Synopses & Reviews
An extraordinary literary event. The collected works—including the previously unpublished final poems—of the greatest modern Greek poet, translated by the renowned critic, classicist, and award-winning author of The Lost,
and published simultaneously in two handsome volumes.
No modern poet brought so vividly to life the history and culture of Mediterranean antiquity; no writer dared break with such exquisite lyricism the early-twentieth-century taboos surrounding homoerotic desire; no poet before or since has so gracefully melded elegy and irony as the Alexandrian Greek poet Constantine P. Cavafy (1863–1933). Now, after more than a decade of work and study, and with the exclusive cooperation of the Cavafy Archive in Athens, Daniel Mendelsohn is uniquely positioned to reveal the full extent of Cavafy’s genius. Here at last is the remarkable music of his poetry, and the rhymes, assonances, and rhythms of the original Greek that have eluded previous translators.
The more than 250 works in Collected Poems cover the vast sweep of Hellenic civilization from the Trojan War through Cavafy’s own lifetime. Powerfully moving, searching, and wise, Cavafy’s poetry and the stories he tells—whether advising Odysseus as he sets out for Ithaca, or portraying a doomed Marc Antony on the night of his death—brilliantly make the historical personal. He also explores, with striking universality, longing and loneliness, fate and loss, memory and identity, all with a profound, humane sympathy. Including an in-depth introduction by Mendelsohn and extensive commentary that situates the work in a rich historical, literary, and biographical context, the Collected Poems is also a revelatory window into classics and classical history.
Equally exciting is the publication of The Unfinished Poems—thirty nearly complete drafts that Cavafy left behind at the time of his death, which languished in the Cavafy Archive for six decades and have never before been translated into English. These astonishing texts—as evocative and lyrical as Cavafy’s finished work—and the introduction and commentary that augment them, provide a fascinating glimpse into the poet’s creative process and allow the reader to take part in a major literary discovery.
These splendid translations will stand as definitive, firmly establishing Cavafy’s place in the pantheon of the finest artists of the modern era.
A remarkable discovery, an extraordinary literary event: the never-before translated Unfinished Poems
of the great Alexandrian Greek poet Constantine Cavafy, published for the first time in English alongside a revelatory new rendering of the Collected Poems
—translated and annotated by the renowned critic, classicist, and award-winning author of The Lost.
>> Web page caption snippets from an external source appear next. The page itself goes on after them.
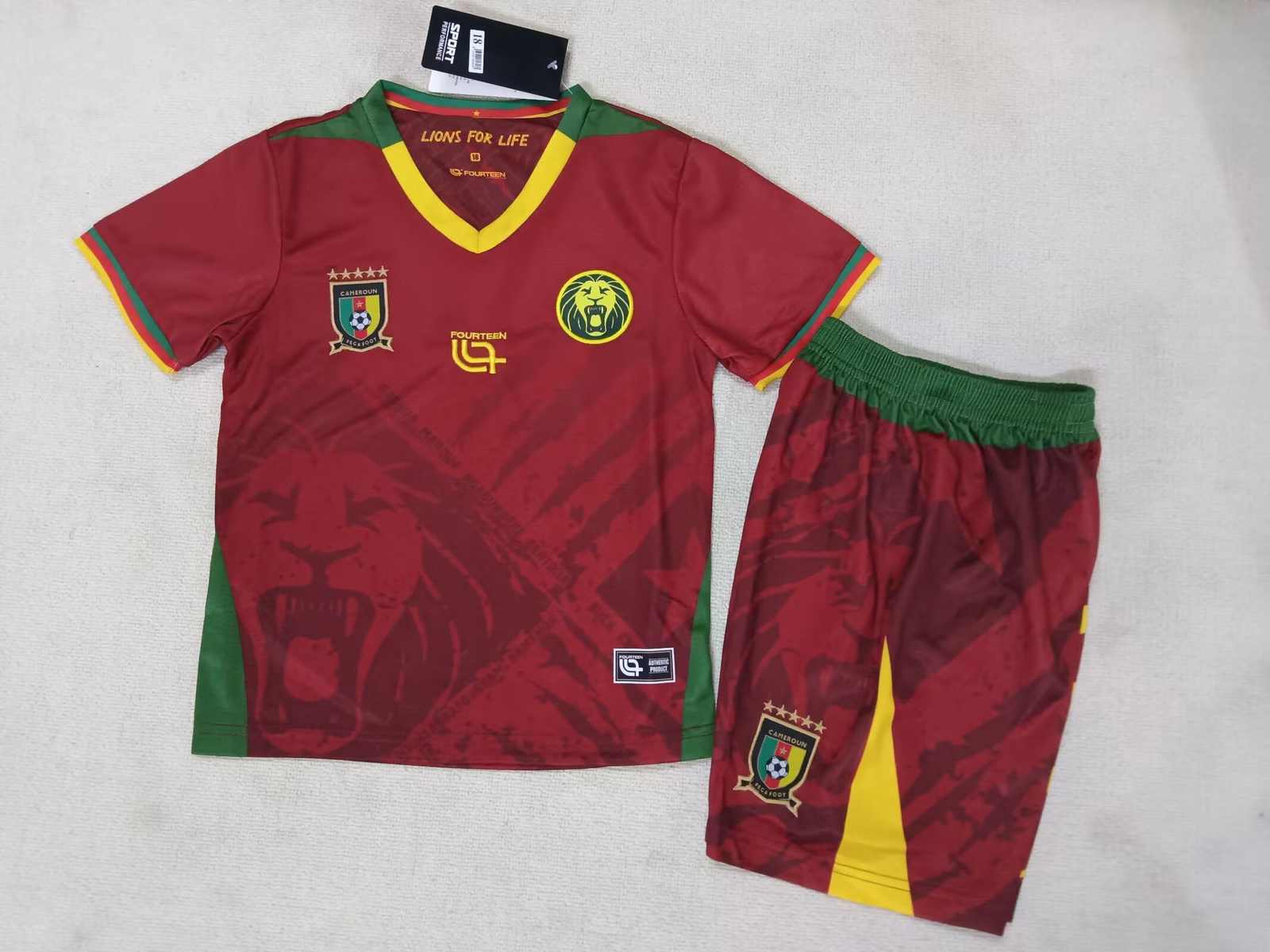 25 26 Cameroon away Children's Kit 25 26 喀麦隆 客场 孩子套装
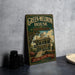 A vintage-style metal sign for the Green-Meltrim House in Georgia, featuring an illustration of the historic mansion surrounded by lush greenery.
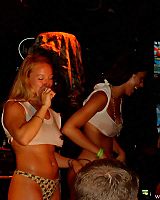 Drunk Chicks Posing In Wet Tshirts On Stage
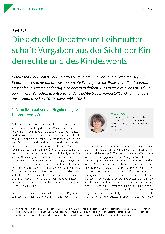 Vorschauseite 1: Die aktuelle Debatte um Leihmutterschaft: Vorgaben aus der Sicht der Kinderrechte und des Kindeswohls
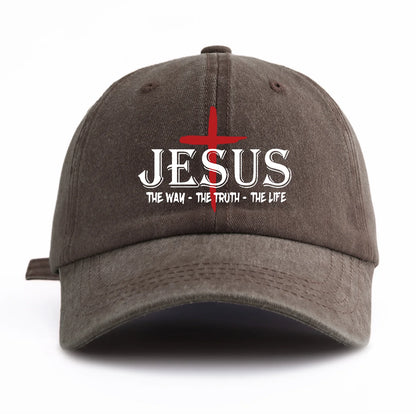 JESUS-The Way, The Truth, The Life” Print Cap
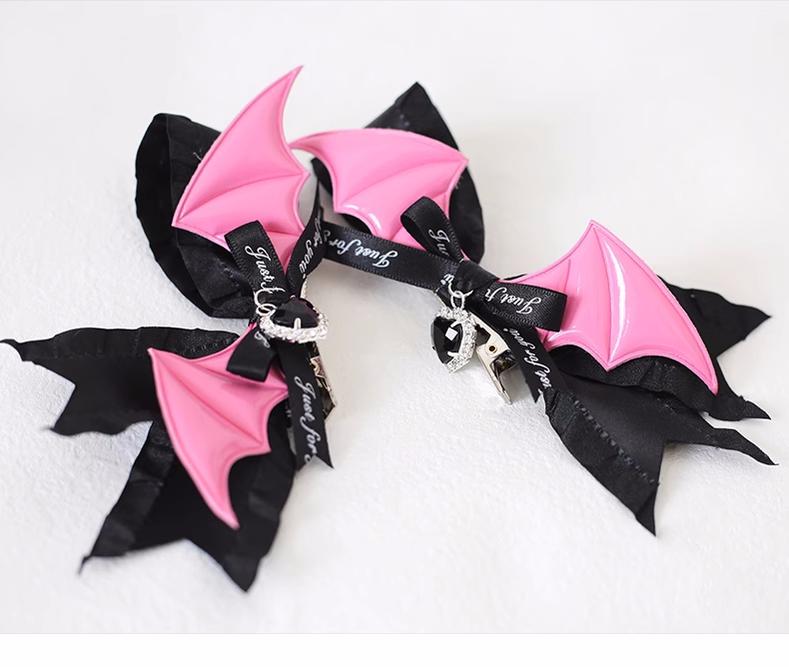 Jirai Kei Hair Clips Lolita Spice Girls Wing Hair Pins 22538:333108 22538:333108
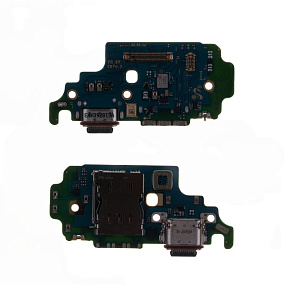 Шлейф Samsung G998B (S21 Ultra) (EU version) плата системный разъем/разъем SIM/микрофон - Премиум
When he died in 1933 at the age of seventy, C. P. Cavafy left the drafts of thirty poems among his papers—some of them masterly, nearly completed verses, others less finished texts, all accompanied by notes and variants that offer tantalizing glimpses of the poets sometimes years-long method of rewriting and revision. These remarkable poems, each meticulously filed in its own dossier by the poet, remained in the Cavafy Archive in Athens for decades before being published in a definitive scholarly edition in Greek in 1994. Now, with the cooperation and support of the Archive, Daniel Mendelsohn brings this hitherto unknown creative outpouring to English readers for the first time.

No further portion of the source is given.